Brief:
Go through the records and copy each line where the string "Women" occurs.

Input data:

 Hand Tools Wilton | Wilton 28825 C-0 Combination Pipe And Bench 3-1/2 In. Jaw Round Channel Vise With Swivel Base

* * *

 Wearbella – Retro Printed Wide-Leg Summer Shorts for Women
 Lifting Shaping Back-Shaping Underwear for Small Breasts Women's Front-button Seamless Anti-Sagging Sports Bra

Exercise response:
 Wearbella – Retro Printed Wide-Leg Summer Shorts for Women
 Lifting Shaping Back-Shaping Underwear for Small Breasts Women's Front-button Seamless Anti-Sagging Sports Bra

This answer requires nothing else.